MSZ potwierdza: na pokładzie przebywał prezydent
O godzinie 9.48 na czerwonym pasku pojawia się informacja, że do katastrofy doszło podczas mgły. Samolot miał problemy z lądowaniem, piloci poderwali samolot, ale maszyna spadła.
Telefoniczny gość programu Wojciech Łuczak mówi, że jest szoku. – Po raz pierwszy coś takiego zdarza się głowie państwa w jego dyspozycyjnym samolocie, z osobami, które są na najwyższych stanowiskach w państwie. Dla mnie podstawowym pytaniem jest, czy brat prezydenta był na pokładzie. Jeśli doszło do najgorszego, to skala reperkusji będzie ogromna – dodaje.
O 9.50 na czerwonej belce wielkimi literami pojawia się napis: samolot prezydencki rozbił się. Na ekranie pojawiają się osoby, które w Katyniu czekają na prezydenta i jego delegację.
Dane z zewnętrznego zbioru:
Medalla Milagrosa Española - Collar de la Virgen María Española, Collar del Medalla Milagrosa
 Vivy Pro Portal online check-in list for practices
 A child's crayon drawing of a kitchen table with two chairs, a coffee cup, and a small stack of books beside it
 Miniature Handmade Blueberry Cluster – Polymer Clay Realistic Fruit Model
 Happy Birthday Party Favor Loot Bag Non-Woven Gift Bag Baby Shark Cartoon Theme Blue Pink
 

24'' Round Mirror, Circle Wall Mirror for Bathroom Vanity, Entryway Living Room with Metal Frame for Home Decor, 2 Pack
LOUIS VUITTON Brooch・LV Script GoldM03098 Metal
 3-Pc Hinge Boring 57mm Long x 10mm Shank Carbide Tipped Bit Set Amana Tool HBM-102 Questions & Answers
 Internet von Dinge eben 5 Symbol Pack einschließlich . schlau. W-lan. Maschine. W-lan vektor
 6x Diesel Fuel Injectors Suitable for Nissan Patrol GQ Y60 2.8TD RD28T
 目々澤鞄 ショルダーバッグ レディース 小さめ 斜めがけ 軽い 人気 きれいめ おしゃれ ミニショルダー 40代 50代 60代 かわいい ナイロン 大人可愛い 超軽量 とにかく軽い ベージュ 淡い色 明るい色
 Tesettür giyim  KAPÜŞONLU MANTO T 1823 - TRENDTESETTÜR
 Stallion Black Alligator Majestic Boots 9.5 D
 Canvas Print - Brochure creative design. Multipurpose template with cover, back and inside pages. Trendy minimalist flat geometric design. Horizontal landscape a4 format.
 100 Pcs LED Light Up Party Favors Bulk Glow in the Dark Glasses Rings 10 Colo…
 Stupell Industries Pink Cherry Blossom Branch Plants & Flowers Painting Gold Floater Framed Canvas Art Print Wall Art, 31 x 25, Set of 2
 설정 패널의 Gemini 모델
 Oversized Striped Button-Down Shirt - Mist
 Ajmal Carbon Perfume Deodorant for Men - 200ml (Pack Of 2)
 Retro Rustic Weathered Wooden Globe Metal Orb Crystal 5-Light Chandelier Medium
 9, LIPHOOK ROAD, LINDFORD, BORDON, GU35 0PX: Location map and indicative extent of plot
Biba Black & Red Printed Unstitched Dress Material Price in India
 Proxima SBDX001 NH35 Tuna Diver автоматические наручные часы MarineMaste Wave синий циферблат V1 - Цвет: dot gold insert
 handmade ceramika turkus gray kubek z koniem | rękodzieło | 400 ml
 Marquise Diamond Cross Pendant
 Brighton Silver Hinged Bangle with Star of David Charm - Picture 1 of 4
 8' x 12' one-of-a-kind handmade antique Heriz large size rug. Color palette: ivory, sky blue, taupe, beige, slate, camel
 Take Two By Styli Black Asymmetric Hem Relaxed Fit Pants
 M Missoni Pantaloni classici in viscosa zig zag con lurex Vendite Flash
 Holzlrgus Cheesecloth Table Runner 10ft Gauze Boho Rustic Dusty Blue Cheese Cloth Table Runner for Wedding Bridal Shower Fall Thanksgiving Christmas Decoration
O 9.52 Łuczak mówi, że zawieść mogło wszystko. – Jestem wstrząśnięty – mówi i dodaje, że nigdy nie przypuszczał, że będzie musiał mówić o takiej tragedii, kiedy ginie głowa państwa i najważniejsze osoby w Polsce. Na czerwonym pasku pojawia się napis: MSZ potwierdza: na pokładzie przebywał prezydent.